DATASET ENTRIES:

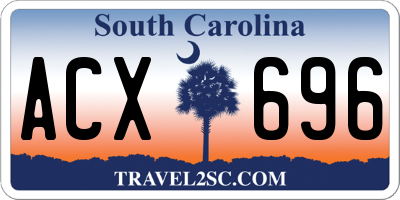 SC license plate ACX696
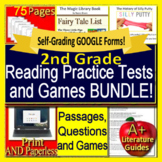 2nd Grade Reading Comprehension Passages, Questions, and G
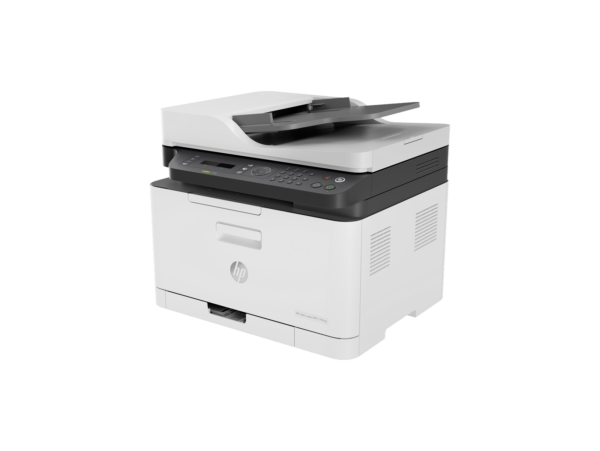 HP Color Laser 179FNW All in One Laser Printer, Up to 19 ppm Black, Up to 4 ppm Color, 150 Sheet Paper Tray Ethernet, Wi-Fi, White - Image 3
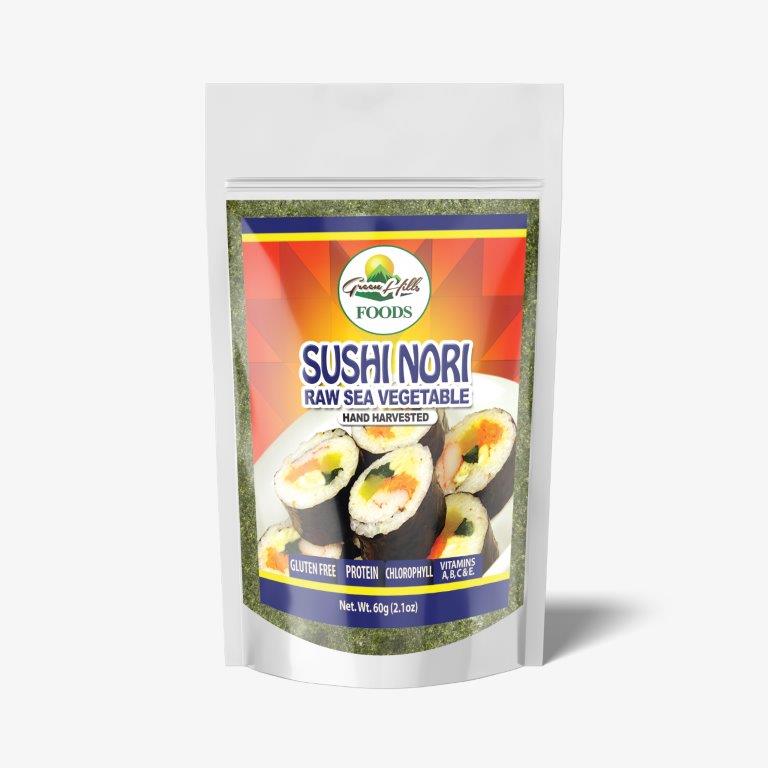 Nori - Whole Leaf - Raw ( 7 Sheets) -60g (2.10oz)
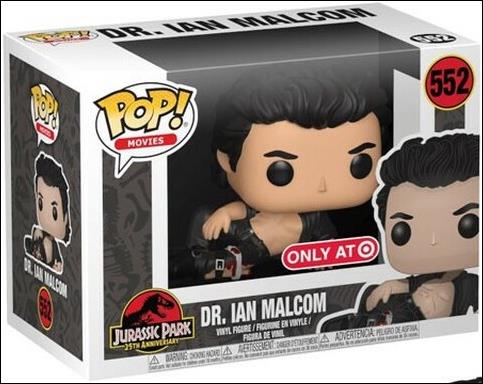POP! Movies figure 552 Dr. Ian Malcolm (Wounded) Target Exclusive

WHAT YOU WILL DO: Give every entry above again, exactly, and keep all pictures out of it.

FINISHED TASK:
 SC license plate ACX696
 2nd Grade Reading Comprehension Passages, Questions, and G
 HP Color Laser 179FNW All in One Laser Printer, Up to 19 ppm Black, Up to 4 ppm Color, 150 Sheet Paper Tray Ethernet, Wi-Fi, White - Image 3
 Nori - Whole Leaf - Raw ( 7 Sheets) -60g (2.10oz)
POP! Movies figure 552 Dr. Ian Malcolm (Wounded) Target Exclusive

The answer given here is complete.